The firm first developed a succession plan for its shareholders retiring between 2010 and 2020. Those transitions have been very successful and are ongoing.
Recently, Concannon Miller decided to up its game in succession planning even more. In 2015, Concannon Miller started its Next Gen Leader Program, a two-year program geared at preparing its top young CPAs for future leadership positions at the firm.
“We know we need to develop all of our people, but we were looking to do more for our high achievers earlier in their career,” Concannon Miller President & COO Ted Witman says. “We want to make sure we’re providing everything we can to help them succeed.”
The program includes training in leadership, client relations, business development, critical thinking and continuous improvement.
“We’re developing our technical skills every day – this is the other side of the business,” says Mike Bilby, a Next Gen Leader Program member and a senior associate in the firm’s accounting, audit and tax group. “It helps us develop leadership and communications skills – overall it’s a really great program.”
Concannon Miller has long invested in its top young CPAs, but the Next Gen Leader Program ensures a more directed effort, Shareholder Tony Deutsch says.

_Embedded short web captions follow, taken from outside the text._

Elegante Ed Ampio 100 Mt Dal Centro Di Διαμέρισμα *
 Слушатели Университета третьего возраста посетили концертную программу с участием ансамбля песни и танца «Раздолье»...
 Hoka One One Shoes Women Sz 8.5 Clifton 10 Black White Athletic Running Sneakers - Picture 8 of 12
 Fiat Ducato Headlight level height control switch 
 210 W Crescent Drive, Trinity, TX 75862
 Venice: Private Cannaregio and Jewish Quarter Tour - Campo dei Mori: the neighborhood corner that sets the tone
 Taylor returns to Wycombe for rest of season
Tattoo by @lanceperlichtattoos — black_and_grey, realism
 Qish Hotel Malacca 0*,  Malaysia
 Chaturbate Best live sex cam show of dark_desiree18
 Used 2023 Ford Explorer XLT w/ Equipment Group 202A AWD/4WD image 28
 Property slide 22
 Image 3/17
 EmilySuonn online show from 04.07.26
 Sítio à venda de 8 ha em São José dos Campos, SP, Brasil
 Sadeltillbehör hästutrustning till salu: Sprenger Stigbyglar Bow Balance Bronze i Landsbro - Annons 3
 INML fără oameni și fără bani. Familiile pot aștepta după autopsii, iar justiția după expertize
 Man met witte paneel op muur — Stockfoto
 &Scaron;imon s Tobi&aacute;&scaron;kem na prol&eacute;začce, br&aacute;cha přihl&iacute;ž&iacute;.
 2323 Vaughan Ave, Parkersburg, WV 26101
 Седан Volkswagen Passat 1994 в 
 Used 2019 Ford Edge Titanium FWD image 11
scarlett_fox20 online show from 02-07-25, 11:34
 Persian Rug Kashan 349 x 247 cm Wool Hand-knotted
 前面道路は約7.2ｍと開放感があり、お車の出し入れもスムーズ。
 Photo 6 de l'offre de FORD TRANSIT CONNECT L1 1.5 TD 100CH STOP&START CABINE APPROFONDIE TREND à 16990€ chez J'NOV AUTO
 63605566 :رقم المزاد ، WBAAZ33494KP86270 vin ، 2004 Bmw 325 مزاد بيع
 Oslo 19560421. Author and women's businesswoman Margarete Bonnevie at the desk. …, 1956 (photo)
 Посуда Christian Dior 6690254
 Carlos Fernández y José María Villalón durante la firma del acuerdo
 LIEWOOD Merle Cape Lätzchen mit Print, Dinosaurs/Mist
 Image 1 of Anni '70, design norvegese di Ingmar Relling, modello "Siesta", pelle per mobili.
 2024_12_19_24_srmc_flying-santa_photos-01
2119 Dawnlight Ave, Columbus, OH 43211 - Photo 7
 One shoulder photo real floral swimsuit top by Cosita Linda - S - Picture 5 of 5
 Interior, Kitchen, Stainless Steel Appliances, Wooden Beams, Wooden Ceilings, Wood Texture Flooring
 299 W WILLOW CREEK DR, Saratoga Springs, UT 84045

“We wanted a more formalized and structured program so the people who demonstrate leadership skills get the training they need and it’s not left to chance,” he says. “We’re trying to build the future leaders of the firm.”
Employees have to be senior associates and CPAs to qualify for the program, which comes with bonuses and tuition reimbursement. The goal is to have members from both the Bethlehem and St. Petersburg offices and across the service and market sectors the firm serves. A second Next Gen Leader Program cohort started in fall 2016.
Participants say one of the most beneficial parts of the program is the one-on-one time they get with each shareholder. Each shareholder advises the group on a different area of expertise, from how to build client trust and how to be more productive.
“Many firms our size probably don’t even have dedicated hours to learn leadership skills, where here the shareholders set aside hours to give personal insight,” says Andrew Desiderio, a program member and a manager in the firm’s accounting, audit and tax group.
The program has been deemed successful, with some participants becoming managers or taking other leadership positions, Witman says. The program also is intended to help with employee retention.
“Their feedback to us is how much they feel they’ve grown and that they’ve had development opportunities they didn’t have before,” Witman says.